There is no one in the world that hasn’t failed, multiple times, at everything. The most successful people have the biggest failure stories. Myself included.
We are taught to not speak of them, to hide our failures and shame. This paints an artificial picture of what success is, who is successful, and what they did to get there.
As someone who embraces not knowing, of taking the path no one else has taken, there is an inherent risk with everything I take on. Most will not work out. I will fail more times than I succeed.
I will be told “No” more times than I am told “Yes”.
I’m going to go so far as to say failure is a necessary part of (eventual) success. Especially right now as the old rules we knew are out the window.
Right now I’m inventing new things for me to do and explore. I have no crystal ball. I will only have clarity when I look back and reflect on where I am at that time and what I did to get there.
My kids and I were watching a SpaceX rocket test a few weeks ago and the entire thing blew up. I explained to them that as devastating as that is, better to learn from that failure than when there are people on board.
I just realized I have pages and pages of ideas that have gone nowhere. They “died on the vine”, in other words – they failed. But I go through them so fast I don’t hardly think about them anymore. It’s on to the next thing.
I acknowledge that the person I am today is the sum total of everything I’ve ever done. Every experience, every success and yes – every failure. I wouldn’t trade a thing.

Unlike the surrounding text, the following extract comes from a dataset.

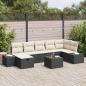 Preview: ARDEBO.de - 8-teiliges Garten-Sofa-Set mit Kissen Schwarz Poly-Rattan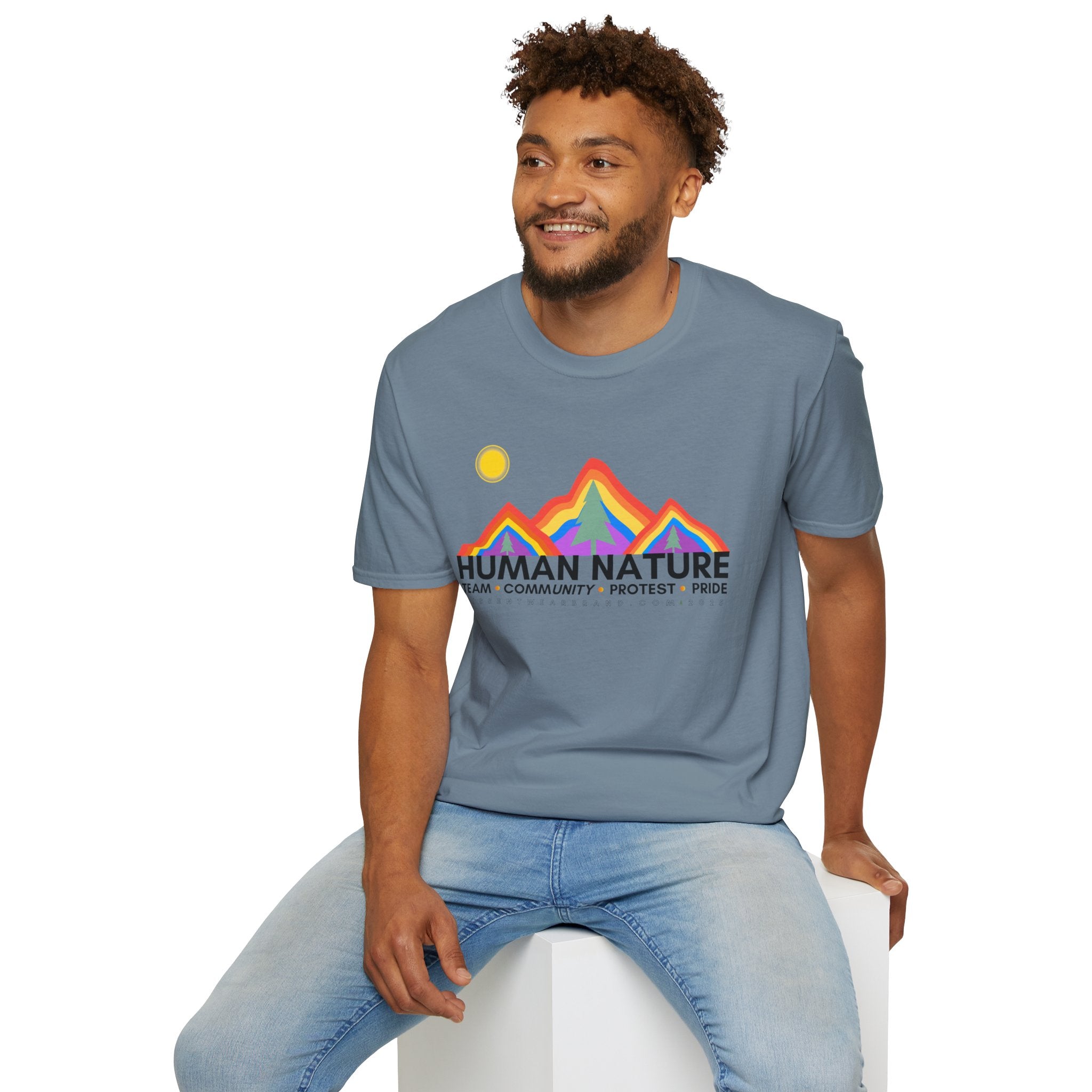 Human Nature Pride T-Shirt, Unisex Rainbow Tee, LGBTQ+ Apparel, Community Event Shirt, Gift for Equality Advocates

Now I don’t let fear of failure stop me from doing something. I give myself permission to fail. Failure means I’m trying new things and taking risks.
The difference today is I celebrate that, my risk taking, my audaciousness. I’m willing to bet that you, blog reader, like this about me. I don’t use those failure stories to beat myself up. It makes me awesome and the person that I am.
What have you learned from your own failures and how did they facilitate your eventual success?